The silence was broken by a cry of alarm from someone in the public gallery. Harry was immobile. So Dostoyevsky had it right, he thought. And from the row behind him, he could hear the voice of Jeannie Walter: ‘It’s fantastic, absolutely fantastic! Paddy’s killed the bugger!’
‘I’ve heard of deadly cross-examinations,’ said a voice in Harry’s ear, ‘but this is ridiculous.’
He was standing outside the court cafeteria. The sergeant had been whisked away to intensive care: the paramedics reckoned he had suffered a coronary. Kevin and Jeannie Walter had departed to give their media minders their exclusive reaction to the morning’s sensational development and the staircase and corridors of the courthouse were no longer buzzing with excitement. The rest of the cases on the list today were humdrum by comparison: the usual assortment of broken marriages and shattered lives. The judge had adjourned the case until the following Monday, although over a coffee Patrick Vaulkhard had expressed the view that that was due more to old Seagrave’s fondness for a four-day week than to any serious expectation that the sergeant would soon rise Lazarus-like from his sick bed to explain why he had never drawn his daughter’s brief fling with Denny Gurr to the attention of his superiors.
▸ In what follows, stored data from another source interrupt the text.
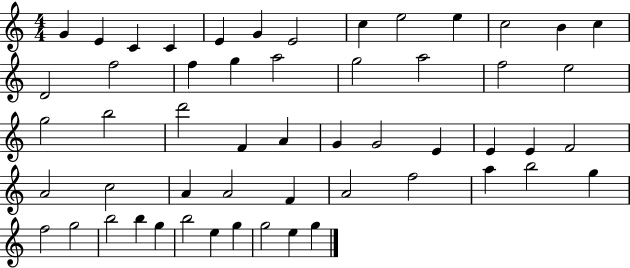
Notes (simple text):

G4/q E4/q C4/q C4/q E4/q G4/q E4/h C5/q E5/h E5/q C5/h B4/q C5/q D4/h F5/h F5/q G5/q A5/h G5/h A5/h F5/h E5/h G5/h B5/h D6/h F4/q A4/q G4/q G4/h E4/q E4/q E4/q F4/h A4/h C5/h A4/q A4/h F4/q A4/h F5/h A5/q B5/h G5/q F5/h G5/h B5/h B5/q G5/q B5/h E5/q G5/q G5/h E5/q G5/q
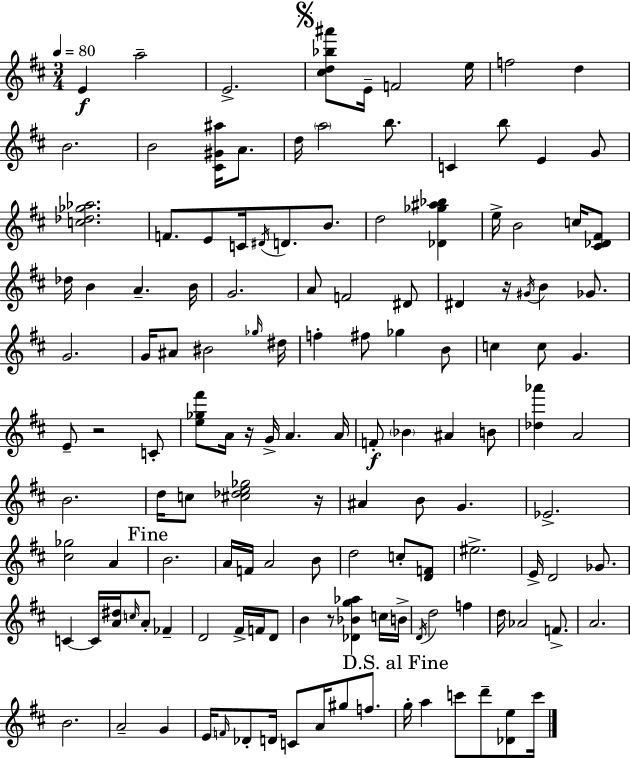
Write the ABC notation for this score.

X:1
T:Untitled
M:3/4
L:1/4
K:D
E a2 E2 [^cd_b^a']/2 E/4 F2 e/4 f2 d B2 B2 [^C^G^a]/4 A/2 d/4 a2 b/2 C b/2 E G/2 [c_d_g_a]2 F/2 E/2 C/4 ^D/4 D/2 B/2 d2 [_D_g^a_b] e/4 B2 c/4 [^C_D^F]/2 _d/4 B A B/4 G2 A/2 F2 ^D/2 ^D z/4 ^G/4 B _G/2 G2 G/4 ^A/2 ^B2 _g/4 ^d/4 f ^f/2 _g B/2 c c/2 G E/2 z2 C/2 [e_g^f']/2 A/4 z/4 G/4 A A/4 F/2 _B ^A B/2 [_d_a'] A2 B2 d/4 c/2 [^c_de_g]2 z/4 ^A B/2 G _E2 [^c_g]2 A B2 A/4 F/4 A2 B/2 d2 c/2 [DF]/2 ^e2 E/4 D2 _G/2 C C/4 [A^d]/4 c/4 A/2 _F D2 ^F/4 F/4 D/2 B z/2 [_D_Bg_a] c/4 B/4 D/4 d2 f d/4 _A2 F/2 A2 B2 A2 G E/4 F/4 _D/2 D/4 C/2 A/4 ^g/2 f/2 g/4 a c'/2 d'/2 [_De]/2 c'/4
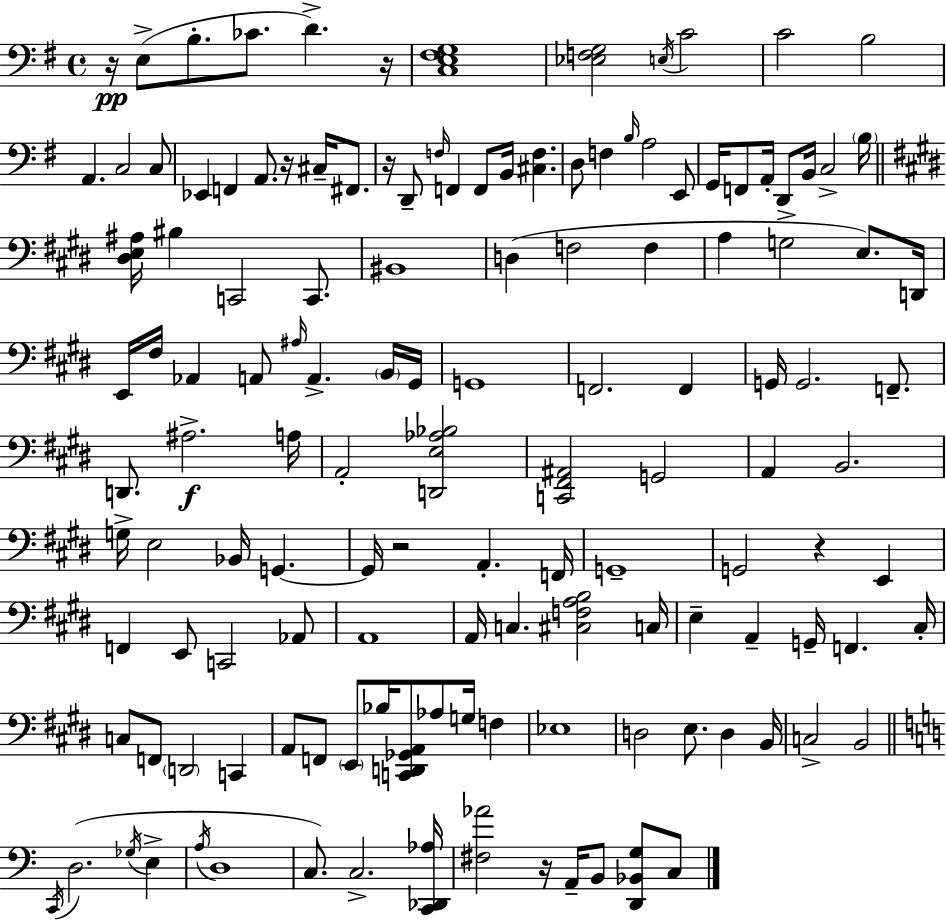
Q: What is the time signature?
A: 4/4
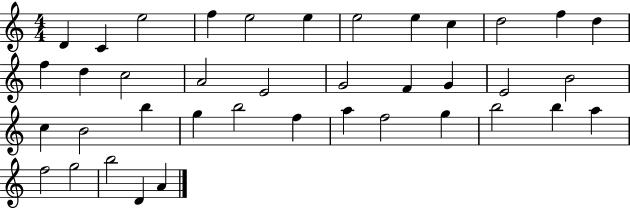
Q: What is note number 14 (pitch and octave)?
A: D5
He looked round and saw a lean woman in white shirt and black jacket and skirt. A Greenpeace badge was pinned to her lapel and an Amnesty International magazine peeped out of the briefcase at her feet. Kim Lawrence, partner in another small city-centre practice and specialist in civil liberties law.
‘So you’ve heard about our little sensation in court?’
‘You know what this place is like for gossip, and any new twist in the Jeannie Walter saga is hot news.’
‘She’s become a legend in her own time, I agree. And after this case, what’s the betting but that she’ll make a career out of it?’
‘Out of campaigning for justice?’
‘No, out of being Jeannie Walter.’
Kim Lawrence’s habitually watchful expression relaxed into a smile. Her blonde hair was brushed off her forehead and held in place by a slide; she shunned make-up and the only jewellery she wore was a pair of CND earrings. A career spent trying to bridge the gulf between truth and evidence had etched frown-lines into her forehead, and she wasn’t someone he had ever socialised with. But looking at her now, his interest was awakened, and not simply because she currently chaired the Miscarriages of Justice Organisation.
‘As it happens, I wanted to have a word with you. I’m interested in a case which is right up MOJO’s street.’
Kim leaned forward. MOJO campaigned on behalf of those who claimed to have been wrongly convicted, whether through mistake or malice, yet whose cases were deemed by the authorities to be closed. It had supported the original fight for Kevin Walter’s release although Jeannie’s bandwagon had soon developed a momentum of its own.